This is possibly the most unusual recording format we've seen. The Blackmagic Pocket Cinema Camera is one of the first to support it. Here's what it is, and what it isn't
With today's release of Compressed Cinema DNG raw from Blackmagic Design for their Pocket Cinema Camera, quite a few people are asking questions about it.
First of all, if it's compressed, how can it be raw?
Good question, but the point is that it's compressed using lossless, as opposed to lossy, compression.
Just because you compress something doesn't mean that you're losing quality. It often does mean that, but there are ways to compress video that don't lose quality. So why don't we use lossless compression for everything? Because it's not very efficient.

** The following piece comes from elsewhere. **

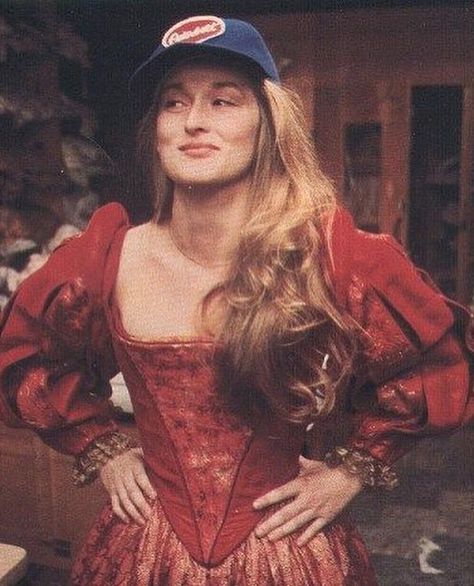 Streep behind the scenes of Taming of the Shrew in 1978 Elizabethan Gown, Raul Julia, Shakespeare In The Park, Mode Pop, Mia 3, Meryl Streep, Iconic Women, Best Actress, Mode Vintage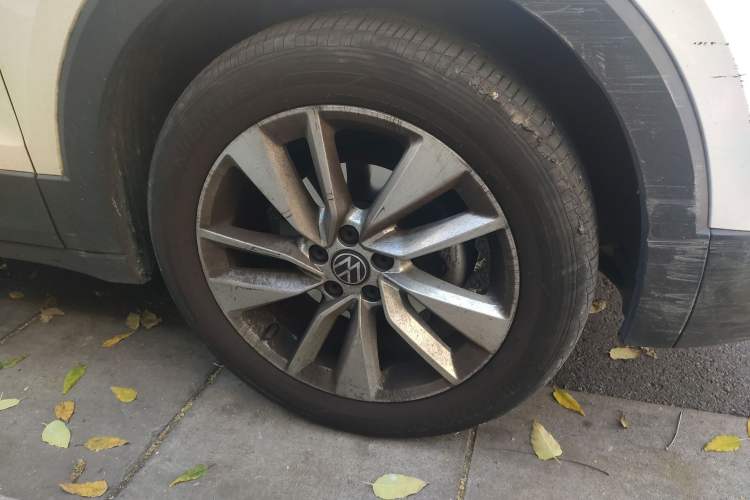 Used Volkswagen T-Cross 2021 280TSI DSG Comfort Edition Right Front Wheel Hub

You could compare Compressed Cinema DNG with ZIP files (in fact, Blackmagic does, in today's press release) but this only gives part of the picture. ZIP files recognise patterns in the material to be compressed and replaces them with a token. Since the token is shorter than the thing it's replacing, the resulting file will be smaller.
But there aren't many patterns in the 1s and 0s in digital video. To a compressor like ZIP, a digital video file might as well be a string of random numbers - and since, by definition, there aren't any patterns in random numbers, you can't compress them, or at least, not easily.
Nevertheless, buried deep in mathematical theory, there ways to compress even digital media without loss; just not very well, or, efficiently, we should perhaps say.
Double your storage
Even so, who's going to complain if you can save, maybe, half of your storage, or, to put it another way, double your storage space.
This may not sound like much compared to the 50:1 compression that's common with delivery codecs like H.264, or even the 6:1 compression common with ProRes, but if it's the difference between a memory card that's $150 and one that's $300, it's worth having.
And because it's lossless, even though the media is compressed, there is no loss of quality whatsoever. All the information in the raw data is there. This is genuinely about the most information you will get from a sensor.
Big, but not that big
So, you'll end up with very big files, but still a fraction of what you'd need for uncompressed raw recording.
We haven't tried raw recording with the BMPCC yet, but we have recently tested the Canon 1DC, which, although it records in 4K and uses lossy 8bit MJPEG instead of 12 bit Losslessly compressed CinemaDNG, does result in a similar data flow that has to be recorded onto flash media.
Needless to say, whatever memory card you use needs to be pretty fast. We've been using SanDisk Extreme Pro CF cards in the Canon 1DC, and it seems likely that a card of that speed and quality would be ideal in the BMPCC (in SD format, of course!).